Creating API, Lessons Learned

The subject of how to properly create and declare API is frequently debated at various communities within the Eclipse ecosystem. One of the thorniest issues is the disagreement over how to treat the so-called "provisional API", basically the API that either has not yet received sufficient feedback or has known issues that cannot be addressed prior to the release. There is a lively debate going on right now on this very subject on the mailing list of the Eclipse E4 project (the effort to build the next generation Eclipse platform - sometimes referred to as Eclipse 4.0), so I thought I should jump in and share our experience in this area at the Eclipse Web Tools Platform (WTP) project in hopes that others don't repeat the mistakes that were made.

It's important to note that opinions expressed here are mine alone. Other involved parties may not agree. Names and other identifying information is withheld to protect the guilty.

History

The start of WTP project was pretty rough. Large code contributions had to be rationalized in the context of a platform that is supposed to be extensible for many external adopters. One of the challenges was the belief by many of the committers from the company that made the code contribution that the APIs are good as is because they existed like that for a long time inside that company's commercial products and are therefore proven. Aligned against that was the growing feedback from new adopters who were saying that the APIs were insufficient and in some cases just plain wrong. Creating good APIs that are flexible enough to address variety of adopter usecases takes a very long time, but unfortunately time was running out. Major companies involved in WTP were pressuring the project to make a release so that they can build commercial products with it. After much debate, a compromise was reached. WTP was going to make a release, but we were not going to declare any API as stable. Everything will be labeled as provisional.

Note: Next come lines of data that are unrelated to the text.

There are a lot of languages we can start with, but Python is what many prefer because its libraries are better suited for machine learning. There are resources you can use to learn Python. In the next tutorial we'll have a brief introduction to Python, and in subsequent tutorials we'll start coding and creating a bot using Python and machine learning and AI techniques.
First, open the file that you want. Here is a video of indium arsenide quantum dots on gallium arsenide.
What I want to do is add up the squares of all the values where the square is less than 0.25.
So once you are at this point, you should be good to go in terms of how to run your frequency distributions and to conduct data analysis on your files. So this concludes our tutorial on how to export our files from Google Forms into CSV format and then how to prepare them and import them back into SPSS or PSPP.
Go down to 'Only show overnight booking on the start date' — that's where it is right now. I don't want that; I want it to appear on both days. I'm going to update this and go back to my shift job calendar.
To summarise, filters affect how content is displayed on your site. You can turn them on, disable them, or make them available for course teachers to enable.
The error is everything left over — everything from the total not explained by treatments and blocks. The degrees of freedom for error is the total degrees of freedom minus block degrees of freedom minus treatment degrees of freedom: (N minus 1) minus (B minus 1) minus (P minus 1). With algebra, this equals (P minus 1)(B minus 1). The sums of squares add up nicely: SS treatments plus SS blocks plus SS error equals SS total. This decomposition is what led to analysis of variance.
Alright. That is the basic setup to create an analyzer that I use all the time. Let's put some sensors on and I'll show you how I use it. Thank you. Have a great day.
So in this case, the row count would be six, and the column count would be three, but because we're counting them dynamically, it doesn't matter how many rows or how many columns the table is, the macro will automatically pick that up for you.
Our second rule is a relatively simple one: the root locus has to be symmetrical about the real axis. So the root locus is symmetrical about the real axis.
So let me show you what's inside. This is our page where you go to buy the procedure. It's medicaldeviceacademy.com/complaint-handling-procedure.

Sounds good in theory, right? What went wrong is that the concept of provisional API was not concretely defined as part of the initial agreement. Everyone (from committers to adopters) ended up with their own ideas about the meaning of the concept. The first release happened and WTP team went to work on the next release trying to improve the APIs based on the growing feedback. That's when the fireworks really started. Certain adopters were not particularly happy that WTP was continuously breaking them despite the fact that they were leveraging code clearly placed in internal packages or otherwise marked as provisional. Granted, adopters didn't have much choice if they wanted to build products on top of WTP, but that's what you get when a project is starting out. None of that seemed to matter and eventually WTP PMC bowed under the pressure by instituting a very restrictive code change policy. An "adopter usage scan tool" was created that could be used by WTP adopters to scan their code base for references to WTP code and send these reports back to WTP where they would be collected and used as a reference for determine whether a change is allowed or not. This new policy effectively negated the original promise that was made with regard to provisional API. The new contract covered everything including code previously designated as provisional and purely internal code. Instead of committers promoting API, anything that an adopter touched (as represented by these reports) effectively became API.

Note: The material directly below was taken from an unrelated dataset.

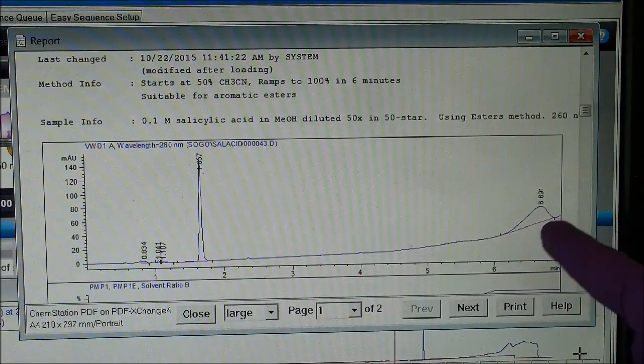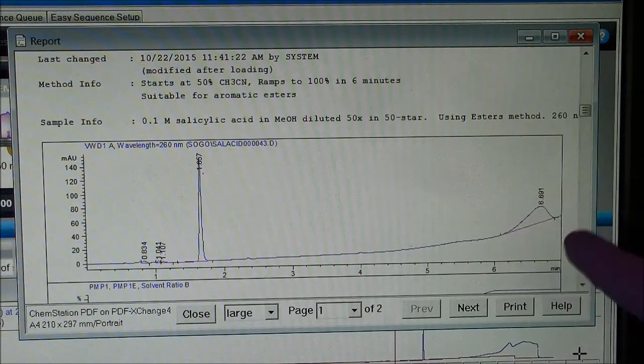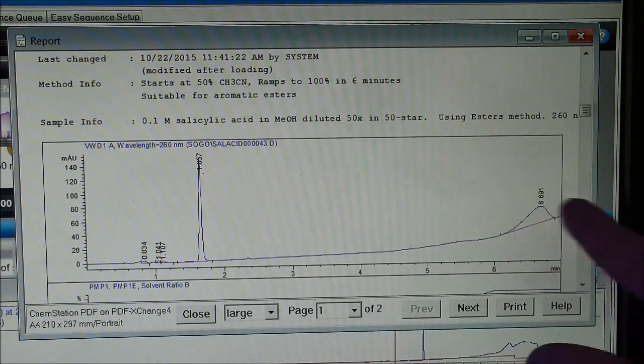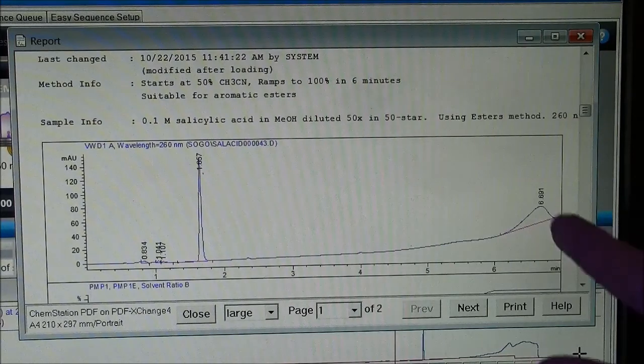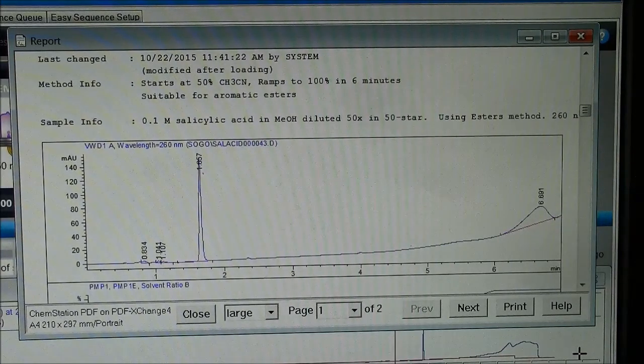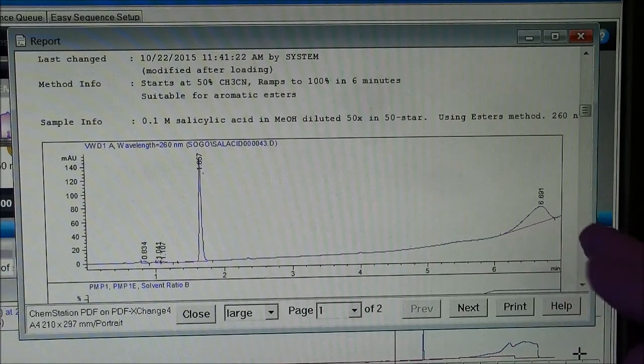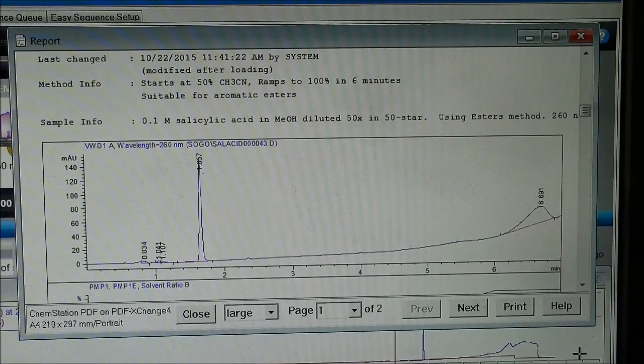This is odd out here. This is some other molecule that's coming out very late in the gradient. And that's some contamination there.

Work on improving API essentially ground to a halt. It just became too expensive to fix many of the larger problems. Technically, a committer could seek PMC approval to break code referenced in adopter scans, but exceptions were rarely granted. The argument that was frequently made is that by making a proposed change, many lines of code in adopter products would be effected. It's "cheaper" for committers to not make the change in question or at least make it in a way that's completely backwards compatible. I will leave it as an exercise for the reader to see the fallacy of that argument.

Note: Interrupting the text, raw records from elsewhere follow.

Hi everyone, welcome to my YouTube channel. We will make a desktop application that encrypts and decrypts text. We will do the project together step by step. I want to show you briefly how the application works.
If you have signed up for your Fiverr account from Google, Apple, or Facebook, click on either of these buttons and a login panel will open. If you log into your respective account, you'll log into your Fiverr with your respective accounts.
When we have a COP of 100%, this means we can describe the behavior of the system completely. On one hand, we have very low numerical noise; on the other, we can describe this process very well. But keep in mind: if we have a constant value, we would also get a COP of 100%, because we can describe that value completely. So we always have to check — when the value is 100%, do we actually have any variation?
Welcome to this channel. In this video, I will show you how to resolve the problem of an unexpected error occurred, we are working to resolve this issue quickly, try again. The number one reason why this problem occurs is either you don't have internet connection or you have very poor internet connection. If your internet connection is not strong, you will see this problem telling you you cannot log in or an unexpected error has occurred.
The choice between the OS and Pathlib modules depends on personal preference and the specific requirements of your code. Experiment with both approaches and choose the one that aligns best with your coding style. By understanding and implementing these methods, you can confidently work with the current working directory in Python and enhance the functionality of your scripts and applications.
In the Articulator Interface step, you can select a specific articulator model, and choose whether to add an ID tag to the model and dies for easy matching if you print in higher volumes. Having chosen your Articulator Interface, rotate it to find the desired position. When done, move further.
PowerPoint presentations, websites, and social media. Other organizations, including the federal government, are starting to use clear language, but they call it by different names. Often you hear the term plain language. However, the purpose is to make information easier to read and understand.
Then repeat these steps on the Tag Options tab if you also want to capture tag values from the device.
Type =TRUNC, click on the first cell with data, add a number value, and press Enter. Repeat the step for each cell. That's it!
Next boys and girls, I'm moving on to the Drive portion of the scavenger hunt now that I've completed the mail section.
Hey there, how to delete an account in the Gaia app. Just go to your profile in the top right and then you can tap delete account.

The end result is that WTP was left with large amounts of "in progress" API code in random internal packages that was effectively frozen because it became too expensive for committers to continue to work on this API within the imposed constraints. In many cases, providing the requisite backwards compatibility would have effectively doubled the amount of work. Some improvements that were easy to make in additive fashion continued to be made over the next few releases, but real progress essentially stopped.

Finally, last year a group of committers was convened to try to improve the situation by proposing a new API policy for WTP. The end result formally defined provisional API and started the process of phasing out the flawed adopter usage scans policy. As someone who was involved in drafting the new API policy, I can tell you that I still see many flaws in it, but it is an effort to take a step in the right direction. Only time will tell for sure.

Thoughts on API Creation

The following is a collection of my somewhat random thoughts on API creation and the related processes.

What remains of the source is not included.